Martin only had time for a very quick 5-minute chat, but this was enough time for him to give me some pointers to his research about the uncanny valley effect as well as to some work is being done in order to capture facial animations while wearing a VR HMD. This led me to learn a lot more about the research that Oculus is doing in order to capture human expressions while wearing a VR HMD.

Martin named Hao Li as doing some very important work in being able to predict facial expressions with partial information based upon statistical models. Hao is an assistant professor of Computer Science at the University of Southern California, and he has a paper titled “Unconstrained Realtime Facial Performance Capture” at an upcoming Conference on Computer Vision and Pattern Recognition. Here’s the abstract.
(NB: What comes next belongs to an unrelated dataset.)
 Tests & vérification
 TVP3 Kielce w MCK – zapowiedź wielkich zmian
We introduce a realtime facial tracking system specifically designed for performance capture in unconstrained settings using a consumer-level RGB-D sensor. Our framework provides uninterrupted 3D facial tracking, even in the presence of extreme occlusions such as those caused by hair, hand-to-face gestures, and wearable accessories. Anyone’s face can be instantly tracked and the users can be switched without an extra calibration step. During tracking, we explicitly segment face regions from any occluding parts by detecting outliers in the shape and appearance input using an exponentially smoothed and user-adaptive tracking model as prior. Our face segmentation combines depth and RGB input data and is also robust against illumination changes. To enable continuous and reliable facial feature tracking in the color channels, we synthesize plausible face textures in the occluded regions. Our tracking model is personalized on-the-fly by progressively refining the user’s identity, expressions, and texture with reliable samples and temporal filtering. We demonstrate robust and high-fidelity facial tracking on a wide range of subjects with highly incomplete and largely occluded data. Our system works in everyday environments and is fully unobtrusive to the user, impacting consumer AR applications and surveillance.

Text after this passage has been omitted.